*** Opening of Record extracts ***

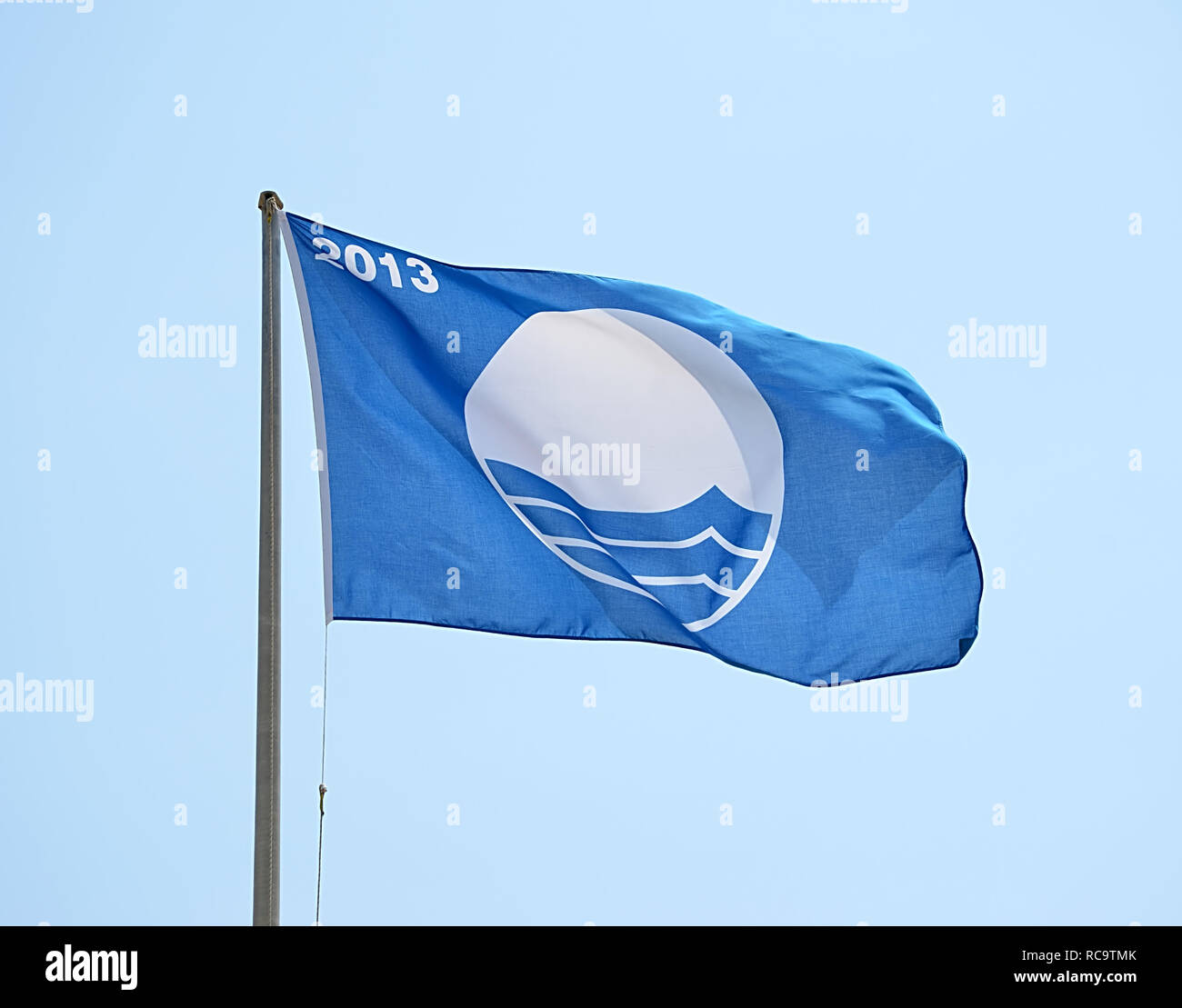 Blaue Flagge für das saubere Meer Stockfoto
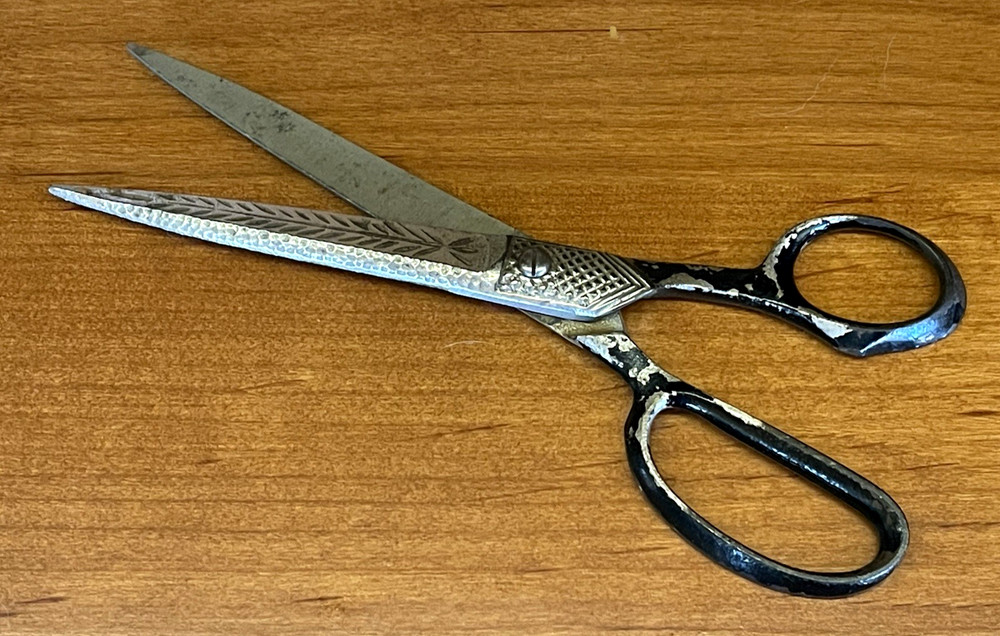 Vintage 8” Feathered Pattern Scissors Black Handles USA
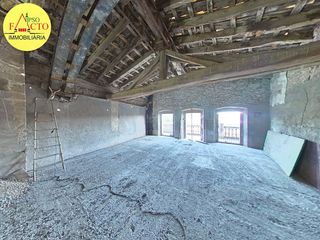 House in Flaçà. Casa en venta en flaça, 25 dormitorios.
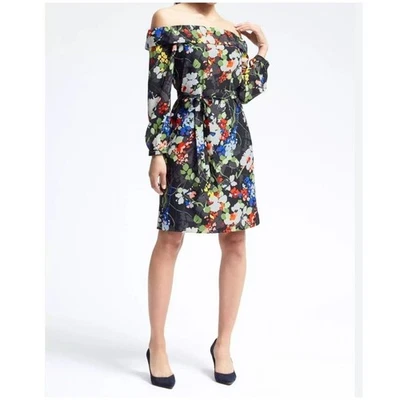 Vestido Banana Republic Negro Floral Hombro Descubierto Talla Pequeña  Foto 1 de 4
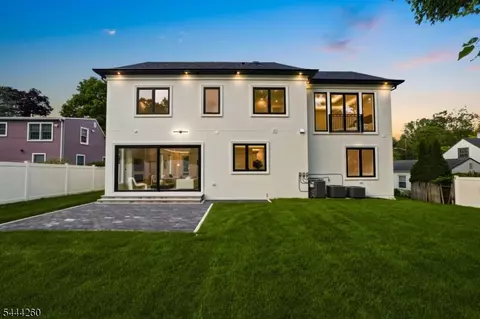Exterior - 244 Washington Pl, Paramus, NJ 07652 photo 2 of 2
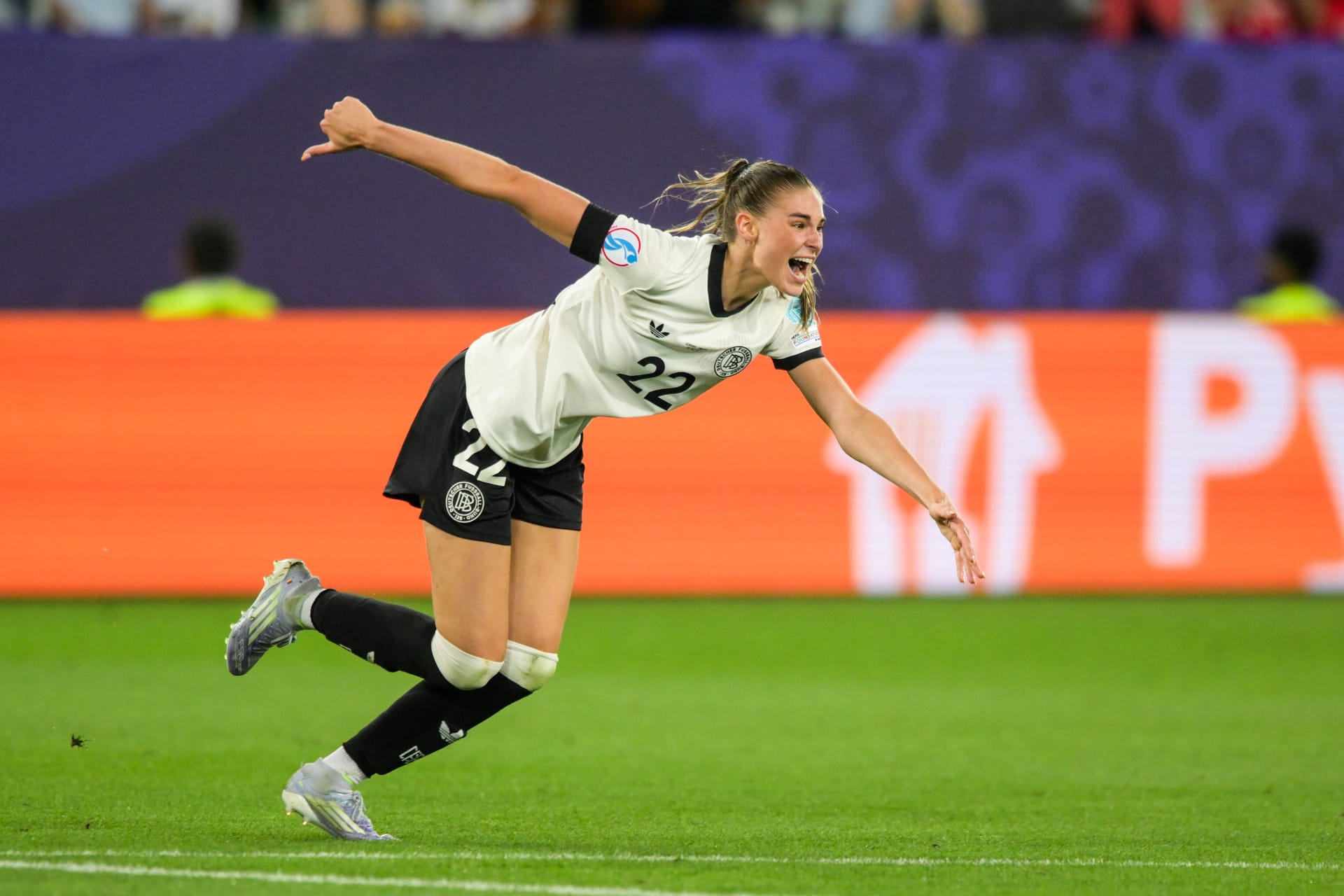 Jule Brand: Wirkte zunächst zu verspielt, als sie sich durch die polnische Abwehrkette zaubern wollte (9.). Zeigte tolle Übersteiger und begeisterte mit Tricks, die an Zinédine Zidane erinnerten (27.). Leistete sich aber auch einige Fehlpässe und wurde ruppiger. In der zweiten Hälfte erlöste sie Deutschland mit ihrem Traumtor in den Winkel und legte das 2:0 auf. Note: 2 Jule Brand: Wirkte zunächst zu verspielt, als sie sich durch die polnische Abwehrkette zaubern wollte (9.). Zeigte tolle Übersteiger und begeisterte mit Tricks, die an Zinédine Zidane erinnerten (27.). Leistete sich aber auch einige Fehlpässe und wurde ruppiger. In der zweiten Hälfte erlöste sie Deutschland mit ihrem Traumtor in den Winkel und legte das 2:0 auf. Note: 2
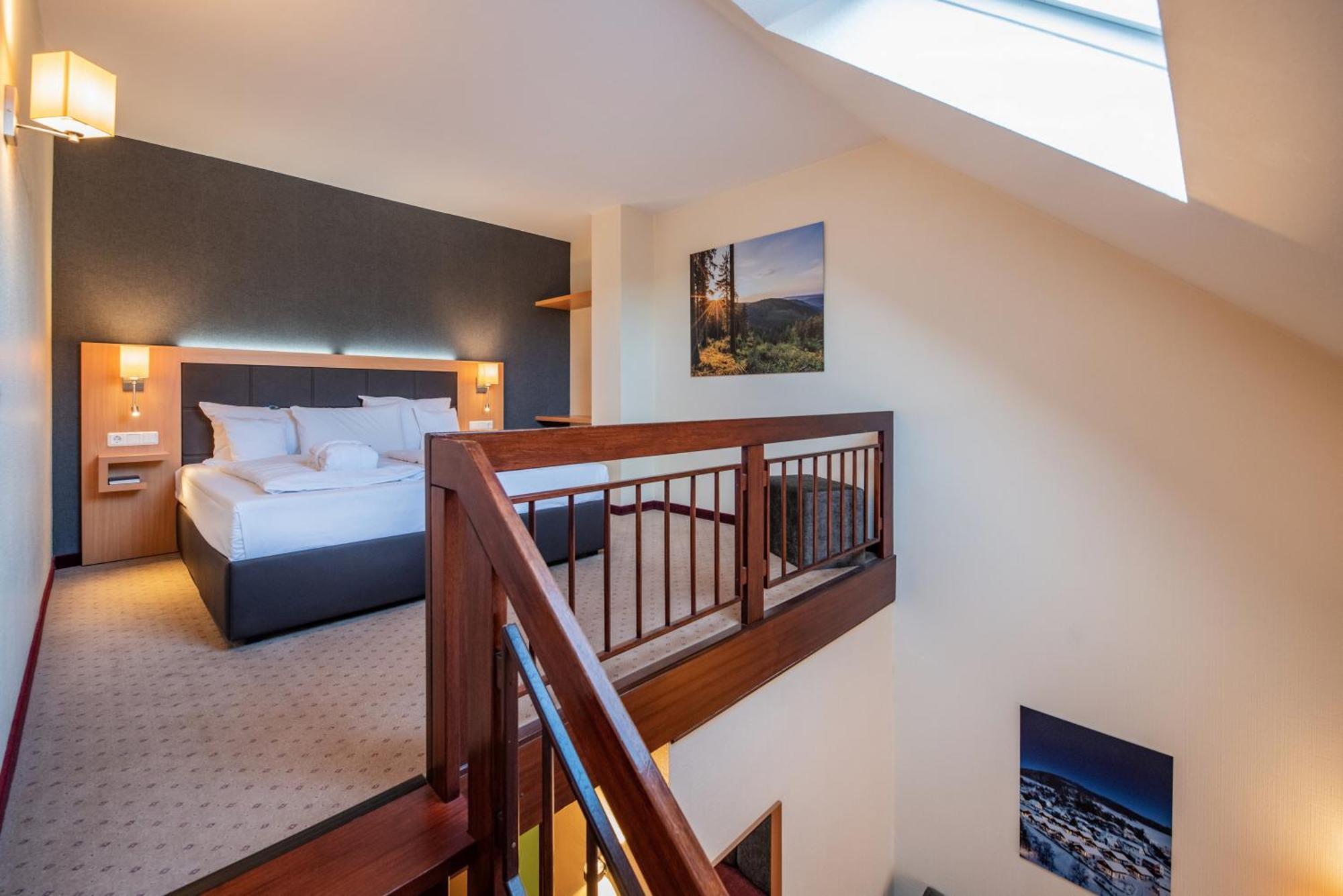 Goebel'S Seehotel Diemelsee Екстериор снимка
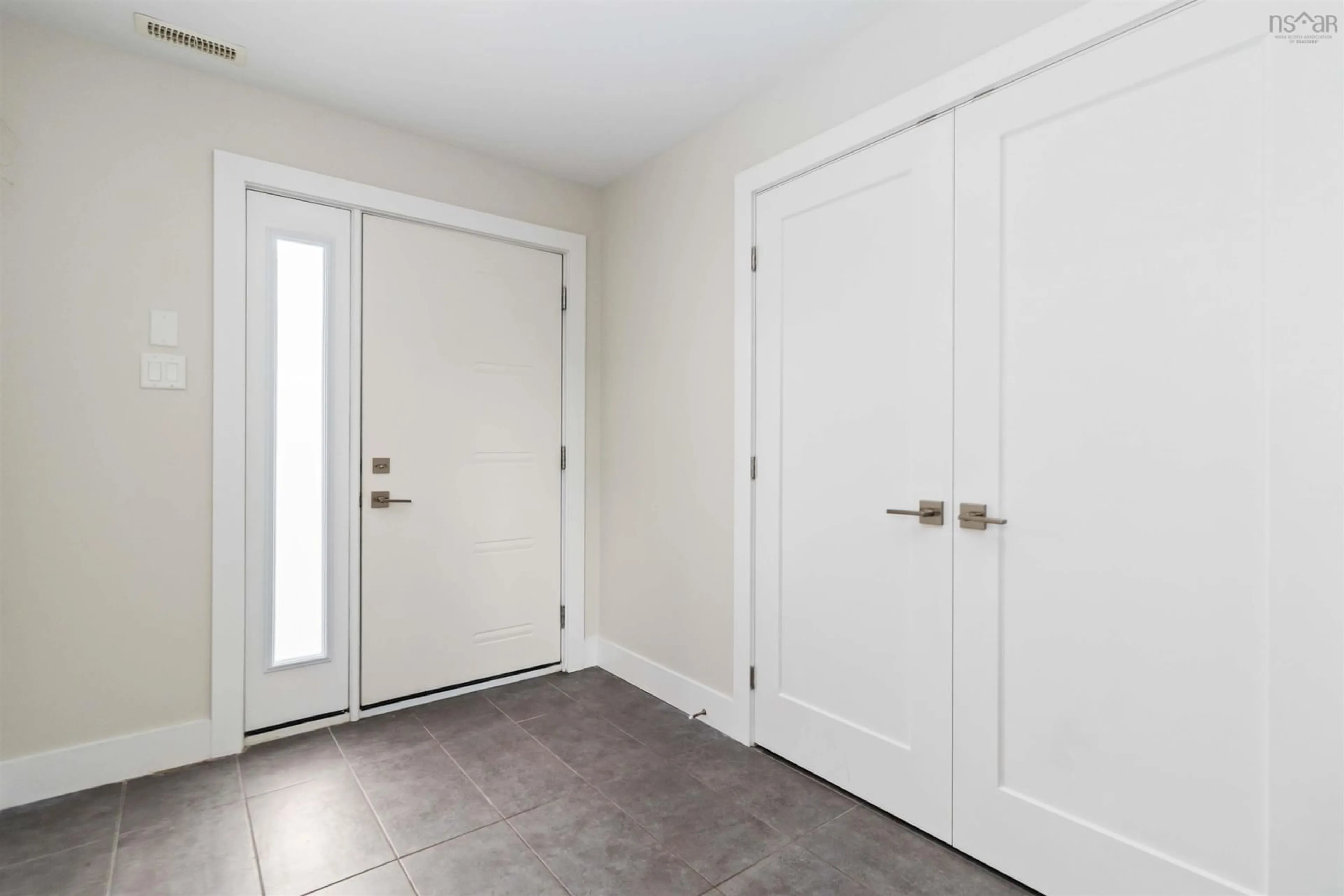 Indoor entryway for 283 Amesbury Gate, Bedford Nova Scotia B4B 0R8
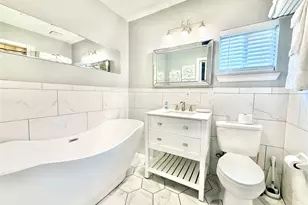 8821 Woodruff St, Houston, TX 77012 - Photo 9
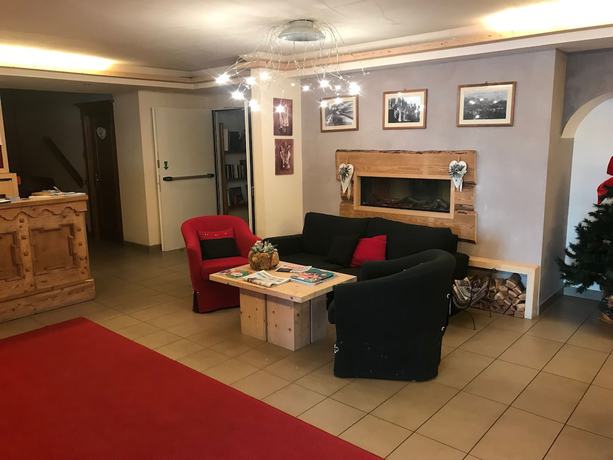 Imagen de los interiores del Hotel Alpenlife Someda. Foto 19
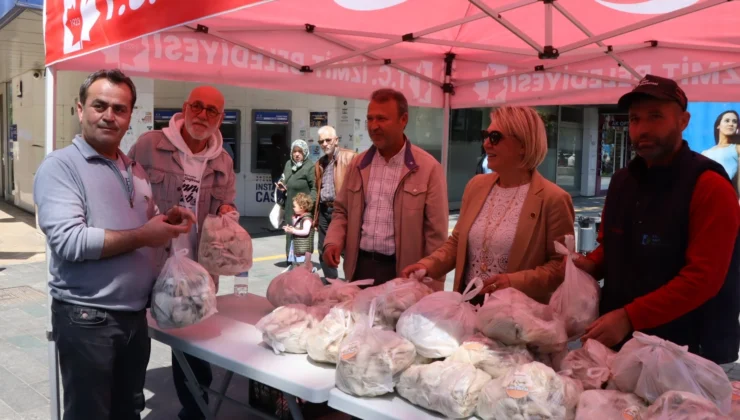 İzmit'Te Ücretsiz Istiridye Mantarları Dağıtıldı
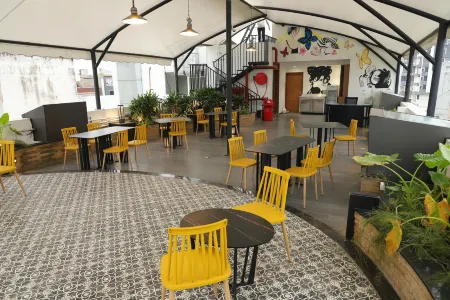 Alba Inn, Vijay Nagar Отели рядом со станцией Indore Junction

*** Close of Record extracts ***

Set down the records above word for word, from the first line through the line containing "Goebel'S Seehotel Diemelsee Екстериор снимка", both included; leave out the pictures.

The completed task:
 Blaue Flagge für das saubere Meer Stockfoto
 Vintage 8” Feathered Pattern Scissors Black Handles USA
 House in Flaçà. Casa en venta en flaça, 25 dormitorios.
 Vestido Banana Republic Negro Floral Hombro Descubierto Talla Pequeña  Foto 1 de 4
Exterior - 244 Washington Pl, Paramus, NJ 07652 photo 2 of 2
 Jule Brand: Wirkte zunächst zu verspielt, als sie sich durch die polnische Abwehrkette zaubern wollte (9.). Zeigte tolle Übersteiger und begeisterte mit Tricks, die an Zinédine Zidane erinnerten (27.). Leistete sich aber auch einige Fehlpässe und wurde ruppiger. In der zweiten Hälfte erlöste sie Deutschland mit ihrem Traumtor in den Winkel und legte das 2:0 auf. Note: 2 Jule Brand: Wirkte zunächst zu verspielt, als sie sich durch die polnische Abwehrkette zaubern wollte (9.). Zeigte tolle Übersteiger und begeisterte mit Tricks, die an Zinédine Zidane erinnerten (27.). Leistete sich aber auch einige Fehlpässe und wurde ruppiger. In der zweiten Hälfte erlöste sie Deutschland mit ihrem Traumtor in den Winkel und legte das 2:0 auf. Note: 2
 Goebel'S Seehotel Diemelsee Екстериор снимка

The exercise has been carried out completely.